I didn’t say you were, I said you were asking about a topic that enters that area.

marauding_gibberish142@lemmy.dbzer0.com · 3 months ago

I see. Thanks

vane@lemmy.world · edit-2 3 months ago

If you want to use supercomputer software, setup SLURM scheduler on those machines. There are many tutorials how to do distributed gpu computing with slurm. I have it on my todo list.
https://github.com/SchedMD/slurm
https://slurm.schedmd.com/

marauding_gibberish142@lemmy.dbzer0.com · 3 months ago

Thanks but I’m not going to run supercomputers. I just want to run 4 GPUs separately because of inadequate PCIe lanes in a single computer to run 24B-30B models

vane@lemmy.world · edit-2 3 months ago

I believe you can run 30B models on single used rtx 3090 24GB at least I run 32B deepseek-r1 on it using ollama. Just make sure you have enought ram > 24GB.

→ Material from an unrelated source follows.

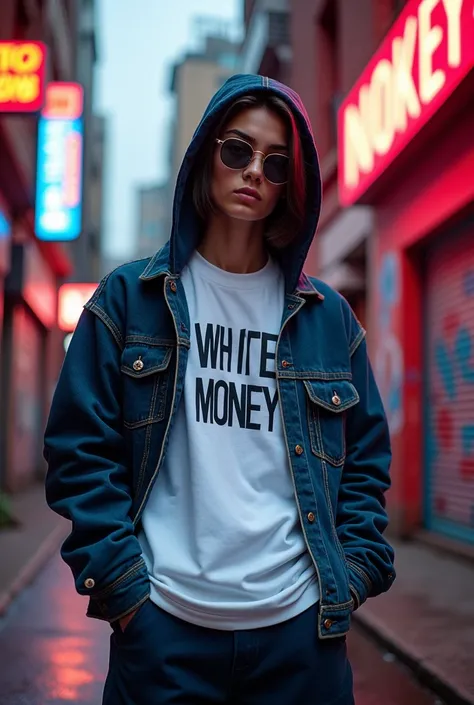 Photo/ poster for street wear clothing brand which includes hoodie oversized tshirt and jacket, totally new fashioned brand names as white money and its Indian based brand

marauding_gibberish142@lemmy.dbzer0.com · 3 months ago

Heavily quantized?

vane@lemmy.world · edit-2 3 months ago

I run this one. https://ollama.com/library/deepseek-r1:32b-qwen-distill-q4_K_M with this frontend https://github.com/open-webui/open-webui on single rtx 3090 hardware 64gb ram. It works quite well for what I wanted it to do. I wanted to connect 2x 3090 cards with slurm to run 70b models but haven’t found time to do it.

marauding_gibberish142@lemmy.dbzer0.com · 3 months ago

I see. Thanks

just_another_person@lemmy.world · edit-2 3 months ago

Why?

You’re trying to run a DC setup in your home for AI bullshit?

marauding_gibberish142@lemmy.dbzer0.com · 3 months ago

It is because modern consumer GPUs do not have enough VRAM to load the 24B models. I want to run Mistral small locally.

just_another_person@lemmy.world · edit-2 3 months ago

I assume you’re talking about a CUDA implementation here. There’s ways to do this with that system, and even sub-projects that expand on that. I’m mostly pointing how pointless it is for you to do this. What a waste of time and money.

Edit: others are also pointing this out, but I’m still being downvoted. Mkay.

marauding_gibberish142@lemmy.dbzer0.com · 3 months ago

Used 3090s go for $800. I was planning to wait for the ARC B580s to go down in price to buy a few. The reason for the networked setup is because I didn’t find there to be enough PCIe lanes in any of the used computers I was looking at. If there’s either an affordable card with good performance and 48GB of VRAM, or there’s an affordable motherboard + CPU combo with a lot of PCIe lanes under $200, then I’ll gladly drop the idea of the distributed AI. I just need lots of VRAM and this is the only way I could think of.

Thanks

just_another_person@lemmy.world · 3 months ago

PLEASE look back at the crypto mining rush of a decade ago. I implore you.

You’re buying into something that doesn’t exist.